De zaak betreft een maatwerkvoorschrift dat is vastgesteld voor locaties waar het plaatsen van visfuiken of visnetten niet is toegestaan. Eiseres had eerder op 1 februari 2024 bezwaar gemaakt tegen het besluit van 22 december 2023, maar dit bezwaar werd ongegrond verklaard op 26 april 2024. Eiseres heeft geen beroep ingesteld tegen deze beslissing. Op 6 juni 2025 diende eiseres opnieuw bezwaar in tegen het besluit van 22 december 2023, maar dit besluit was inmiddels onherroepelijk, waardoor de minister het bezwaar niet-ontvankelijk verklaarde.
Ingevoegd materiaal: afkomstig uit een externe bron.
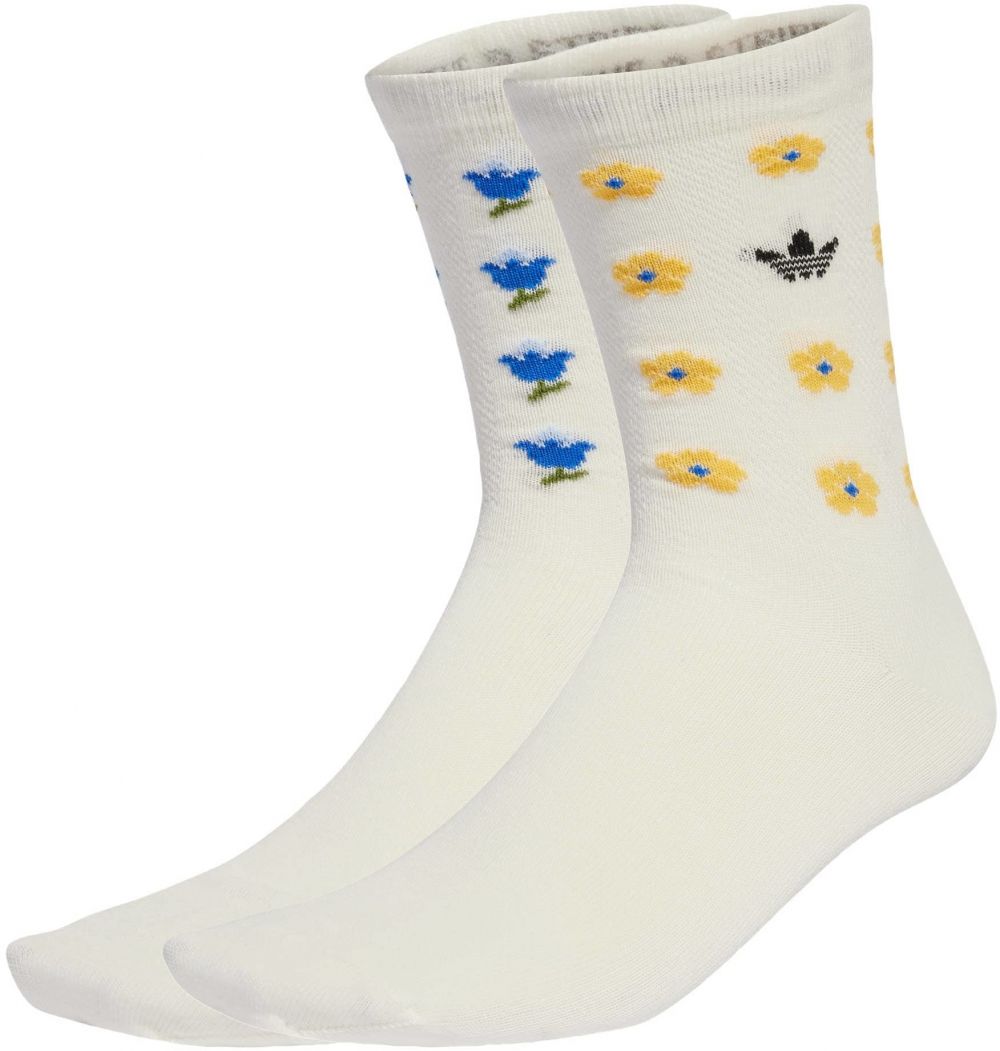 ADIDAS ORIGINALS Ponožky 'Adidas Originals x Liberty London'  modrá / žltá / zelená / biela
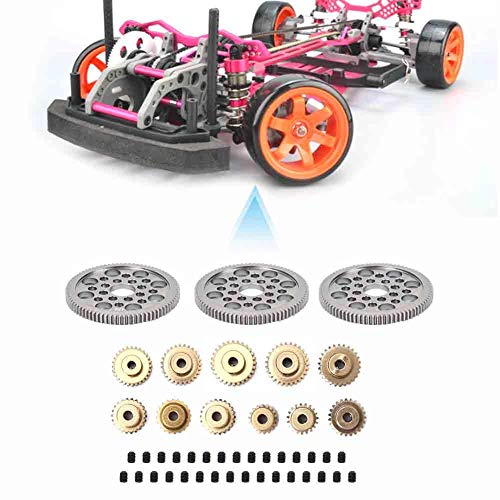 Auto Metall Motor Getriebe, RC Auto Metall Motor Getriebe für Sakura D3 CS S XI XIS Autoteile Zubehör, Zubehör für Modellautos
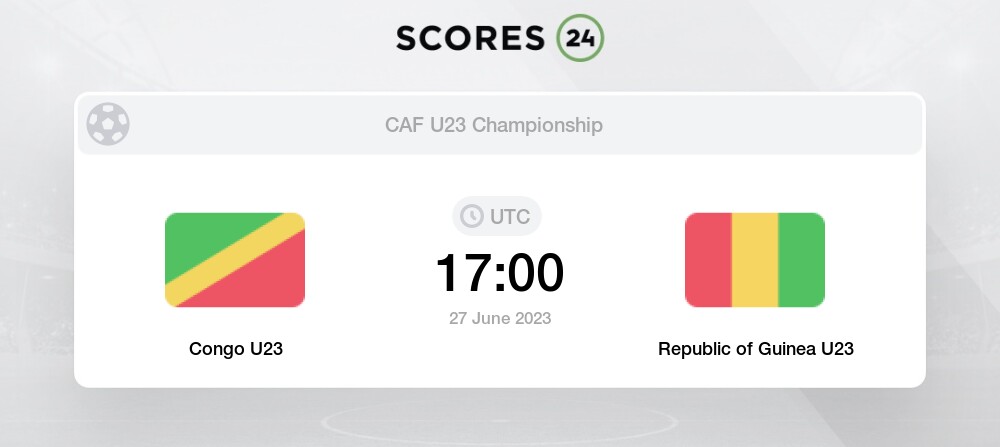 Congo U23 vs Republic of Guinea U23 Prediction and Picks 27 June 2023  Football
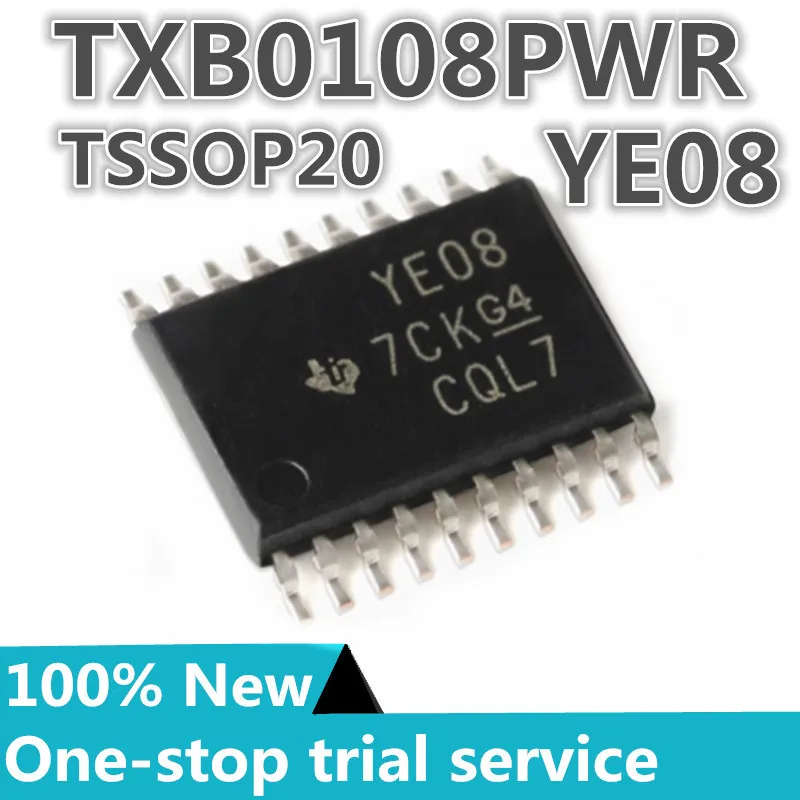 

10-100pcs %New TXB0106PWR YE06 TSSOP16 TXB0108PWR YE08 TSSOP20 TXB0104PWR YE04 TSSOP14 voltage converter chip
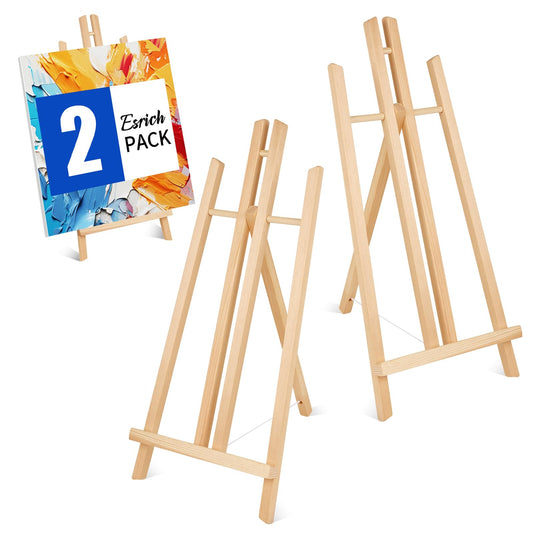 2pcs 17 Inch Tabletop Easels, Easel Stand for Painting,Tripod, Painting Party Easel, Kids Student Desktop Easel for Painting,Paint Easel for Canvas Painting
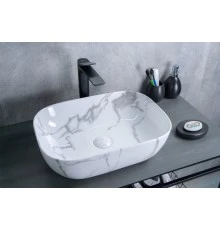 Раковина Gid Mnc333C 54469 накладная под камень глянцевая 46x32.5x13.5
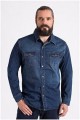 Western-style denim stretch-overhemd lange mouw van Koyote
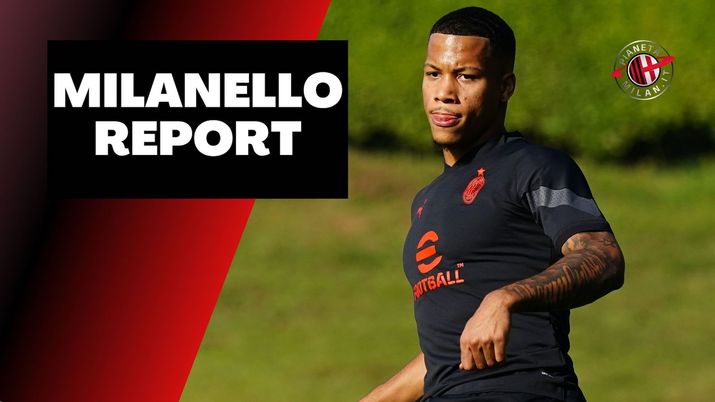 Aster Vranckx AC Milan allenamento Milanello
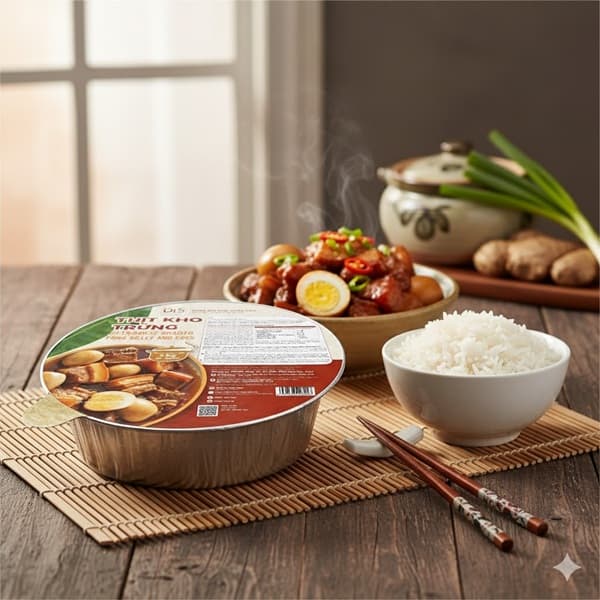 Thịt Kho Trứng - Bếp Dì 5 - Nồi Nhôm 3kg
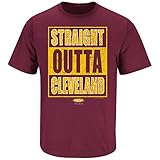 Cleveland Cavaliers Fans. Straight Outta Cleveland. Maroon T Shirt (Sm-5X)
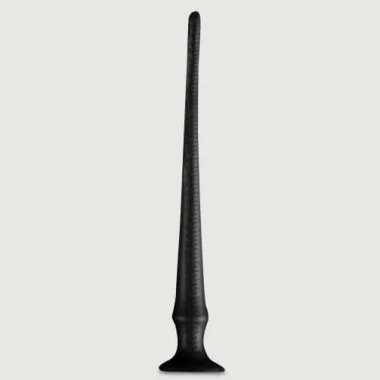 Dildo Σιλικόνης Φίδι Για Length Training Silicone Snake Dildo For Depth Training 40 x 4,5 cm - Μαύρο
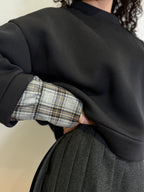 Felpa Girocollo con Polsino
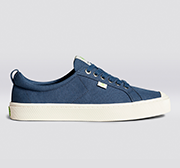 OCA Low Shadow Blue Canvas Sneaker Women
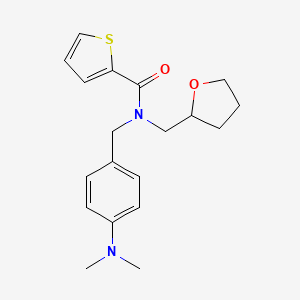 N-[4-(dimethylamino)benzyl]-N-(tetrahydrofuran-2-ylmethyl)thiophene-2-carboxamide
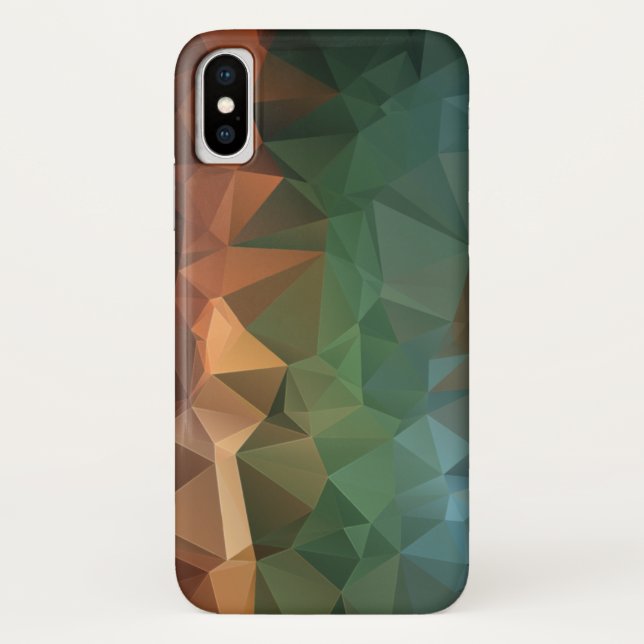 Rainbow Abstract Pyramid Art Case-Mate iPhone Case (Back)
De rechtbank concludeert dat de minister terecht heeft besloten het tweede bezwaarschrift niet inhoudelijk te behandelen, aangezien een tweede bezwaarschrift tegen een onherroepelijk besluit niet mogelijk is. De rechtbank verklaart het beroep ongegrond en maakt de uitspraak openbaar op 29 juli 2025, met een afschrift verzonden aan de betrokken partijen.

Uitspraak

RECHTBANK ZEELAND-WEST-BRABANT
Bestuursrecht
zaaknummer: BRE 25/3216

uitspraak van de enkelvoudige kamer van 29 juli 2025 in de zaak tussen

V.O.F. [eiseres] , uit [plaats] , eiseres

(gemachtigde: [gemachtigde] ),
en

De minister van Infrastructuur en Waterstaat, de minister.

Inleiding

1. In deze uitspraak beslist de rechtbank over het beroep van eiseres tegen het bestreden besluit van de minister van 23 juni 2025. Bij dat besluit heeft de minister het bezwaar van eiseres van 6 juni 2025 tegen besluit van 22 december 2023 niet-ontvankelijk verklaard.
1.1.
Omdat het beroep kennelijk ongegrond is, doet de rechtbank uitspraak zonder zitting. Artikel 8:54 van de Algemene wet bestuursrecht (Awb) maakt dat mogelijk.

Beoordeling door de rechtbank

2. In het besluit van 22 december 2023 is een maatwerkvoorschrift vastgesteld voor de locaties waar het plaatsen van visfuiken of visnetten niet is toegestaan. Tegen dat besluit heeft eiseres op 1 februari 2024 bezwaar gemaakt. Met een beslissing op bezwaar van 26 april 2024 is dat bezwaar ongegrond verklaard. Eiseres heeft geen beroep ingesteld tegen die beslissing op bezwaar.
2.1.
Op 6 juni 2025 maakte eiseres opnieuw bezwaar tegen het besluit van 22 december 2023. Dat besluit was echter al onherroepelijk en er is geen tweede bezwaar mogelijk. Daarom heeft de minister het bezwaar van 6 juni 2025 met het bestreden besluit kennelijk niet-ontvankelijk verklaard.
2.2.
De rechtbank is van oordeel dat de minister het bezwaar van eiseres terecht niet-ontvankelijk heeft verklaard. Een tweede bezwaarschrift tegen een onherroepelijk geworden besluit is immers niet mogelijk. De minister heeft dan ook terecht besloten het tweede bezwaarschrift niet inhoudelijk te behandelen.

Beslissing

De rechtbank verklaart het beroep ongegrond.
Deze uitspraak is gedaan door mr. R.P. Broeders, rechter, in aanwezigheid van mr. M.A. de Rooij, griffier, op 29 juli 2025 en openbaar gemaakt door middel van geanonimiseerde publicatie op www.rechtspraak.nl.
griffier
rechter
Een afschrift van deze uitspraak is verzonden aan partijen op:

Informatie over verzet

Als partijen het niet eens zijn met deze uitspraak, kunnen zij een verzetschrift sturen naar de rechtbank waarin zij uitleggen waarom zij het niet eens zijn met deze uitspraak. Het verzetschrift moet worden ingediend binnen zes weken na de dag waarop deze uitspraak is verzonden. Als partijen graag een zitting willen om het verzetschrift toe te lichten, moeten zij dit in het verzetschrift vermelden.